Within a year, I was recognized as a top salesperson and was promoted soon after. Years and several dye changes later, my former boss would often tell our story from the podium at business conferences, about how she took a chance on a colourful a.k.a. “unconventional” person, and how it all worked out.

The Unconventionals?

These days, it doesn’t take much to be labeled as unconventional or a risky bet, especially if you are a woman in business or worse, a female entrepreneur.

Oftentimes the “marker” is the mere use of a little colour. Throughout history, women wearing red lipstick were troublemakers, including Cleopatra, and 1920’s suffragettes. In the 1970s, baby blue eyeshadow was the makeup of choice for liberated women.

And while more and more people over time began using colourful paint on their faces (and today, increasingly colour tattoos) as an act of self-expression or individuality, it continued to invite considerable disdain. Take for example Ian Thomas’s 1973 hit song, Painted Ladies. Just like in the 1800’s, women who “painted” their faces were still assumed to be sex workers:

“Ooh ooh feeling fine mama

Painted ladies and a bottle of wine mama

Ooh ooh feeing good mama

They took my money like I knew they would

Interestingly, the use of colour doesn’t just invite negative character judgments on women. It has been a problem for houses, too.

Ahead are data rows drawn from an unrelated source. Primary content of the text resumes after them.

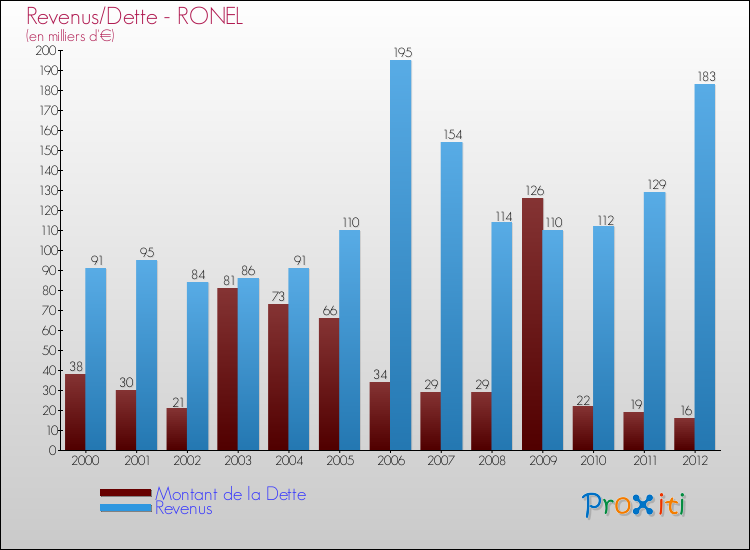Evolution comparée de la dette et des revenus pour la commune de RONEL de 2000 à 2012 Comparaison de la dette et des revenus pour RONEL de 2000 à 2012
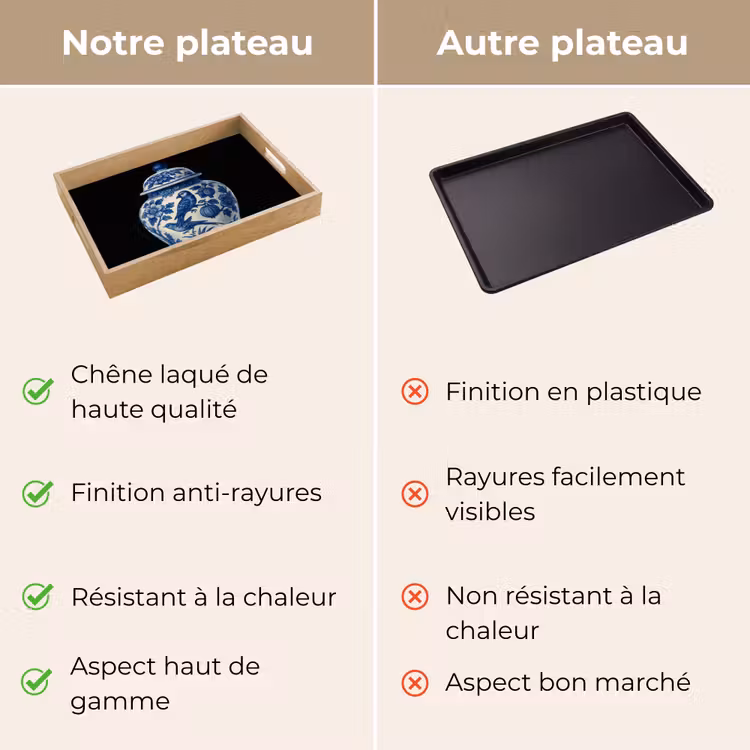 Plateau - Pot - Bleu de Delft - Fleurs — 9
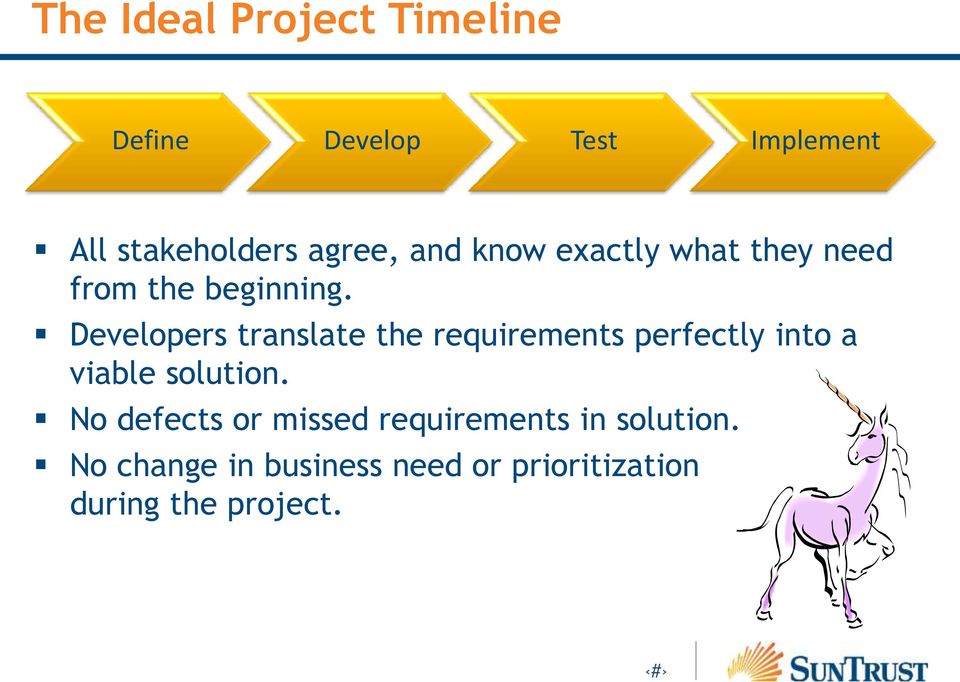 Developers translate the requirements perfectly into a viable solution.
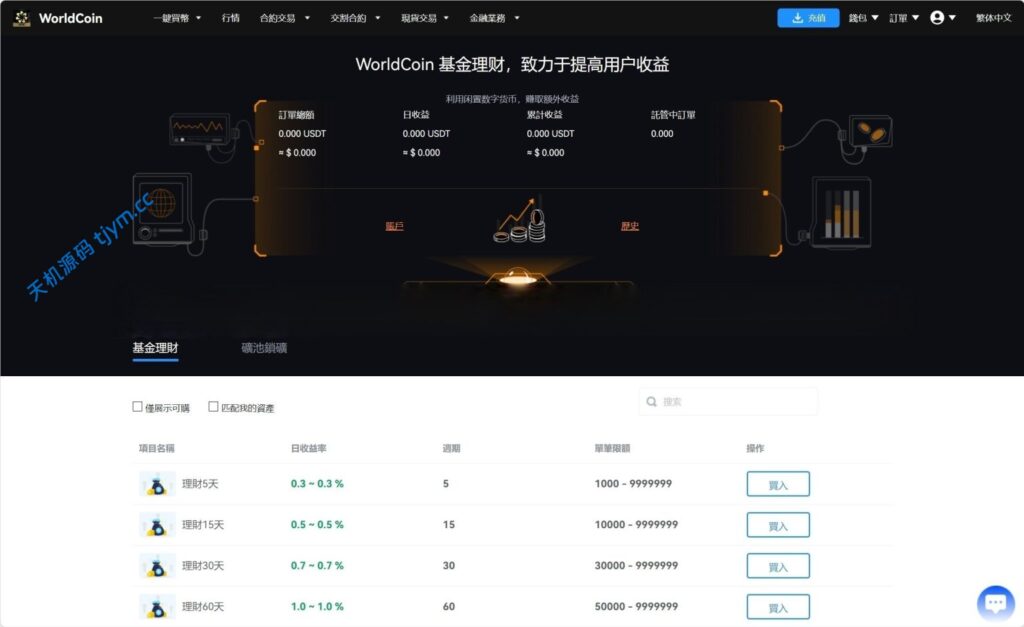 图片[13]-java交易所源码-8国语言-worldcoin开源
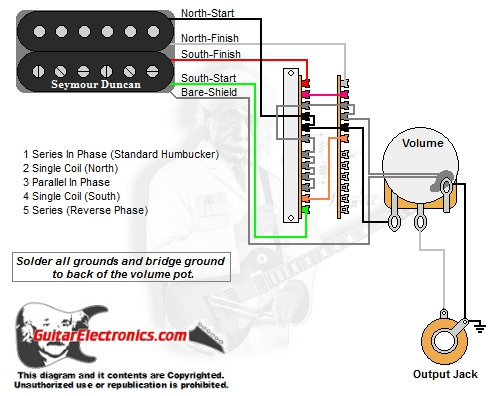 1 Humbucker/1 Volume/5-Way Lever Switch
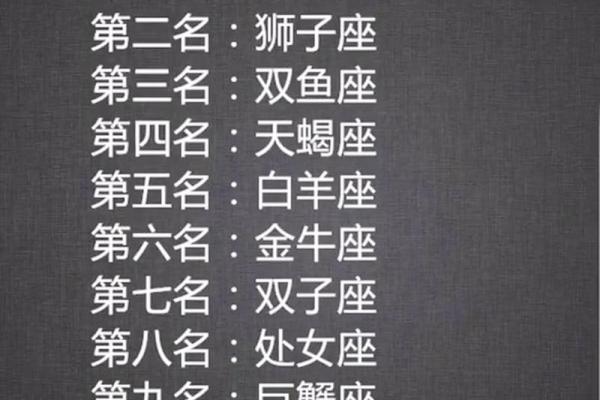 最受欢迎的星座有哪些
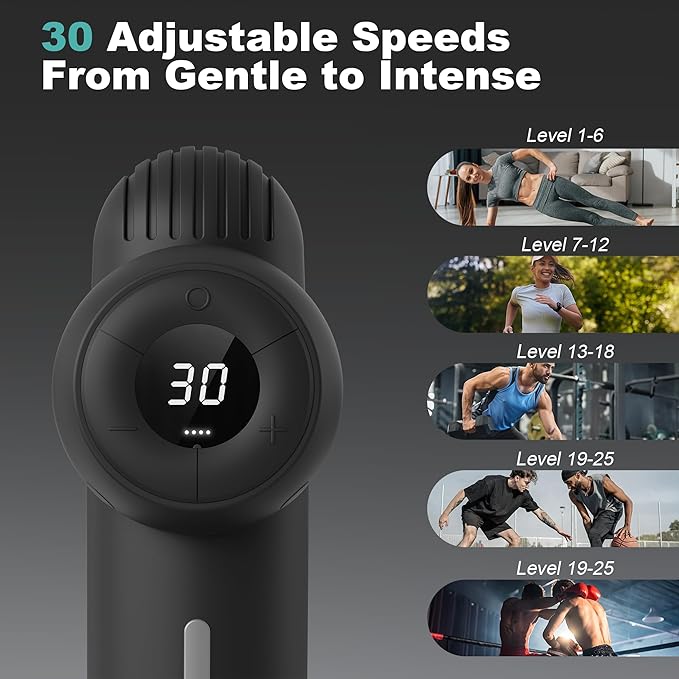 Nekteck Massage Gun Deep Tissue - 12mm Amplitude 30 Speeds Full-Body Muscle Relaxation Device with 5-Head for Pain Relief Quiet USB-C Rechargeable Percussion Muscle Massager for Home Office Travel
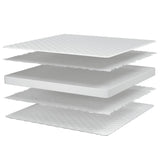 Matelas en mousse à mémoire de forme blanc 90x190x17 cm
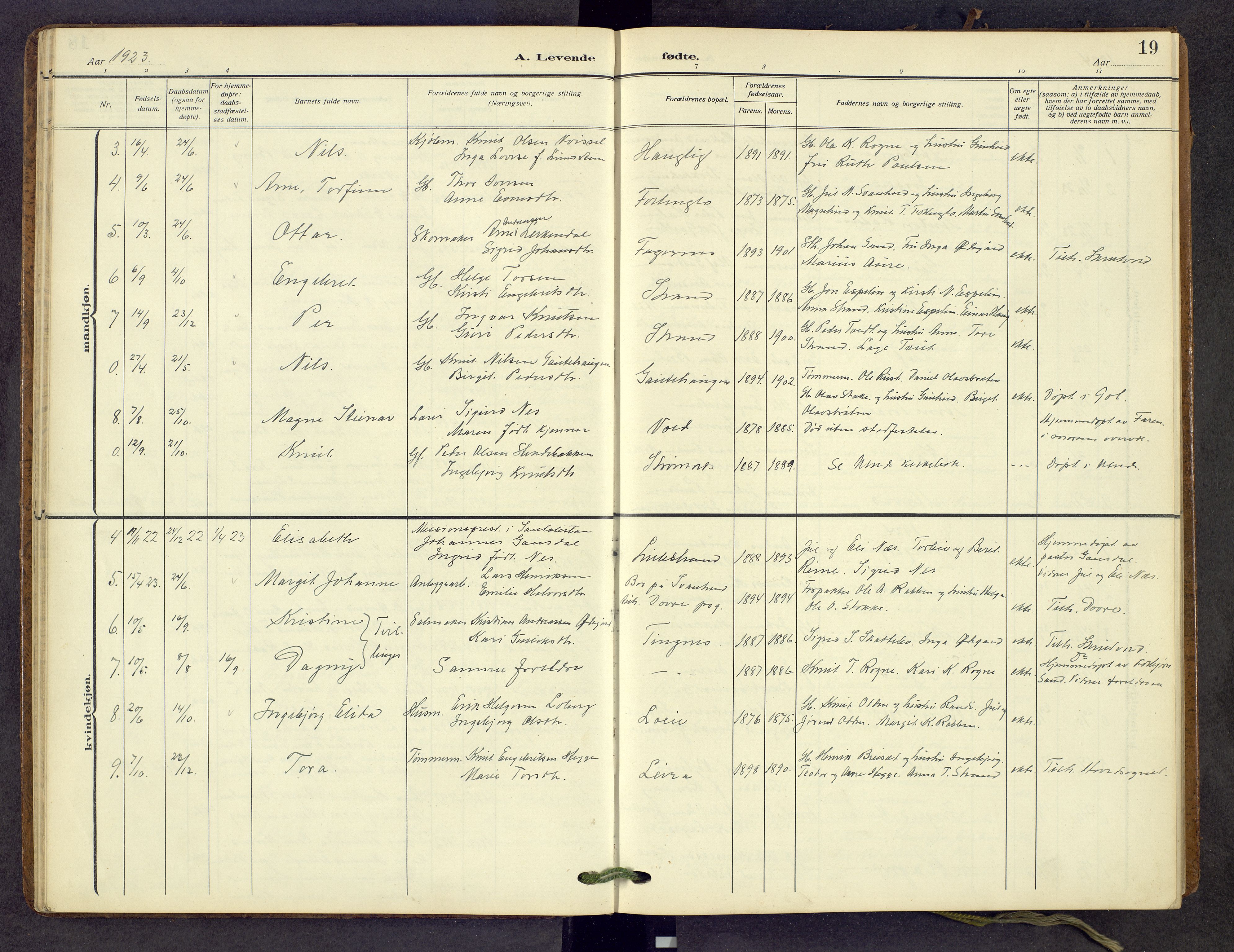 Nord-Aurdal prestekontor, SAH/PREST-132/H/Ha/Hab/L0013: Parish register (copy) no. 13, 1911-1948, p. 19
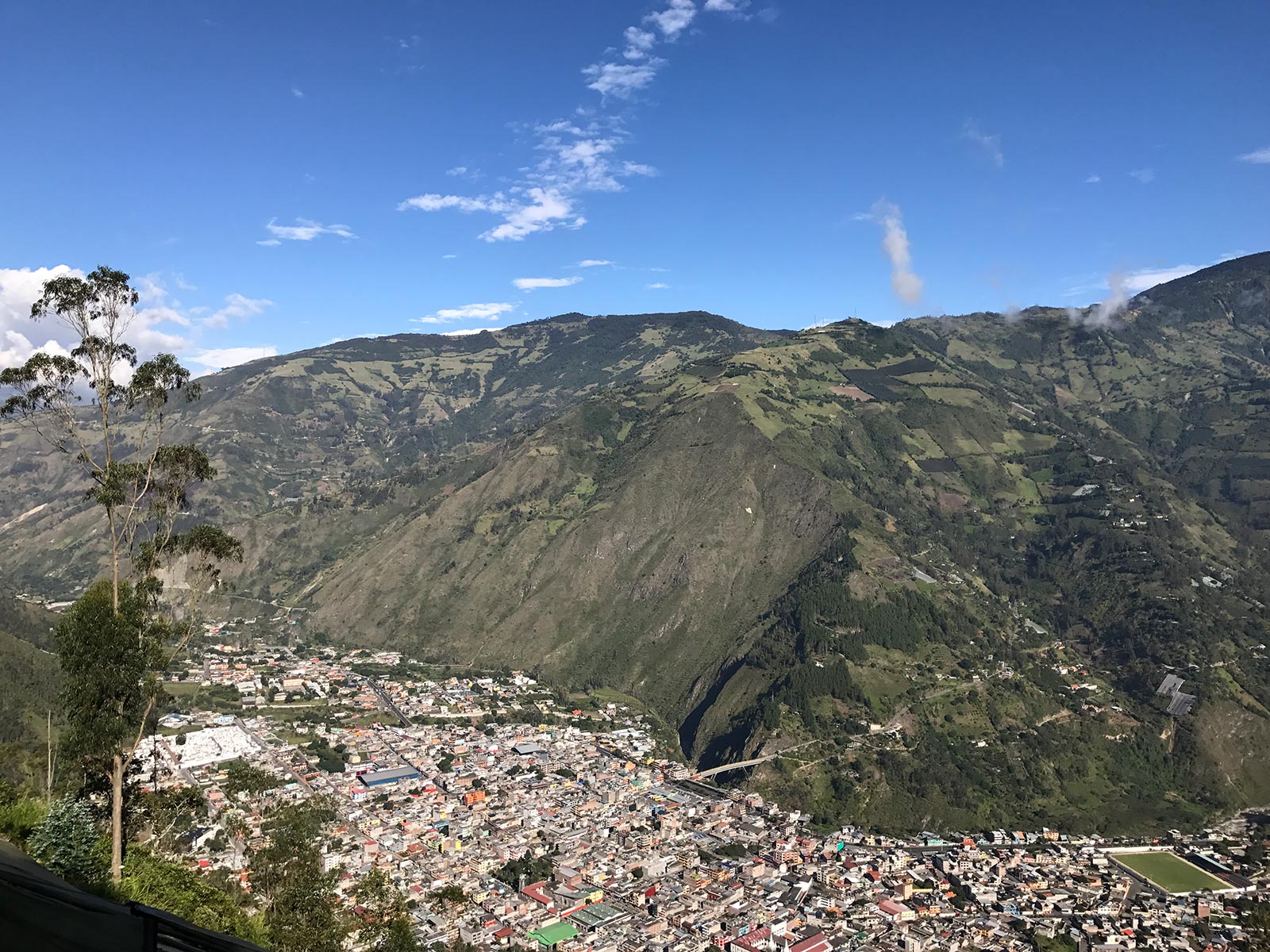 Mountains and birds eye view of Banôs, Ecuador. A Swing, The Equator & needing the Banôs in Banôs
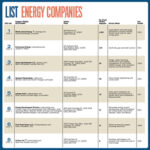 List: Energy Companies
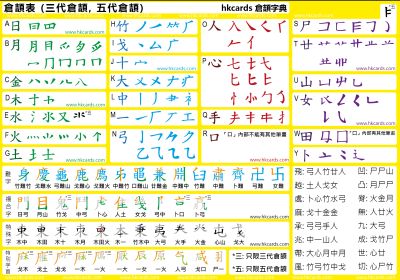 下載倉頡字母及輔助字形表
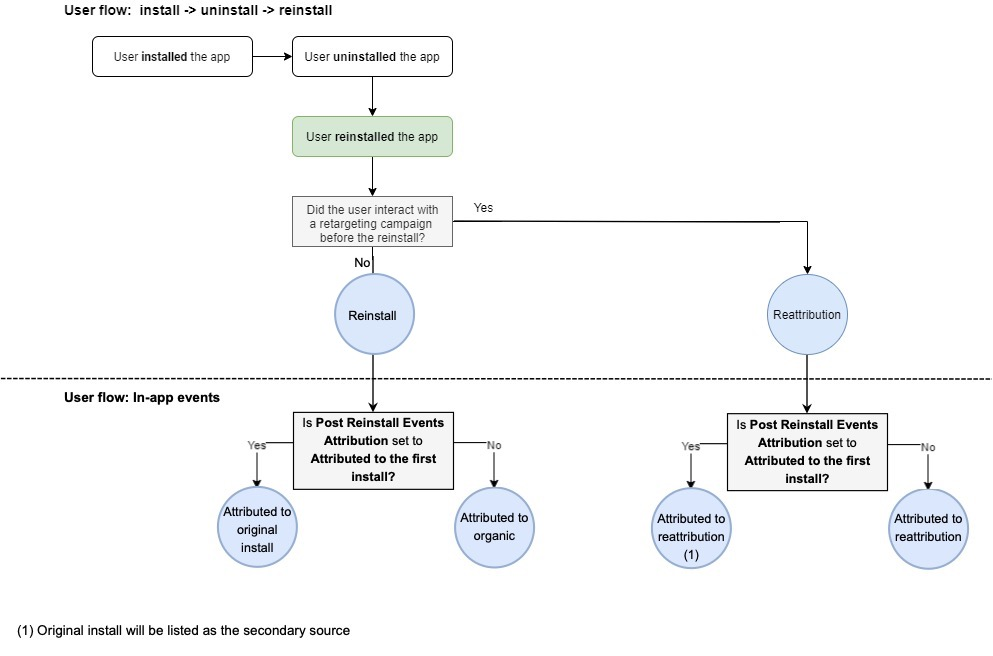 Install , Unstall and Reintall flow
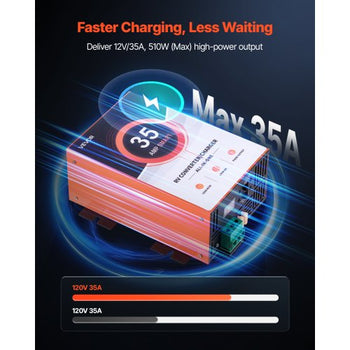 RV Power Converter, 35 Amp, 110V AC to 12V DC RV Converter Battery Charger, 4 Stage Smart Charging, 13V to 16.5V Operating Range, Compatible with Lithium Lead Acid Battery, for Camper Trailer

In San Francisco, historic Victorian and Edwardian houses painted in bright colours (below) attracted media vitriol in 1963 for being gaudy and uncouth. They were nicknamed “painted ladies” and it kicked off a house painting “colourist movement” in the psychedelic ’60s.

 

Today, these Victorian houses with their “crazy” colours are still OMG-rogue enough to draw in tons of tourists.

Our discomfort with colour extends into the deepest corners of our psyches. We often refer to jokes inappropriate for some audiences as “off-colour.” And people considered a bit strange are labeled as “colourful” personalities. Swearing is referred to as “colourful” language.

And while we see a lot of people with pink cotton candy hair and navy blue lips these days on the streets, you don’t see them around the board table, in C-suite photos, or typical business conferences (see below).

(This picture is of a lecture taking place for dress-for-success code compliant MBA students at Rotman School of Management, Oct 2017. )

So what is going on with our collective—and the patriarchy’s—relationship with colour? Why is the use of colour, especially on the body, silenced by much of society?

I think we know the answer. It lies in the fact that we have historically associated the use or appearance of stand out colour with challenges to social order, rebellions, and even war. It evokes fear. And it often means change is coming.

Given where we are today, that’s a good thing.

From my perspective, the use of colour or “paint” for self-expression says one is confident and comfortable with their individuality, and most importantly, indicates a person’s capacity and much-needed pluck to question dominant narratives so that we might create new ones that serve us better in the emerging world.

Multi-colour pixel highlights? Full-colour sleeve tattoos? Amy Winehouse purple eyeliner? Blue lipstick at work? I say bring it.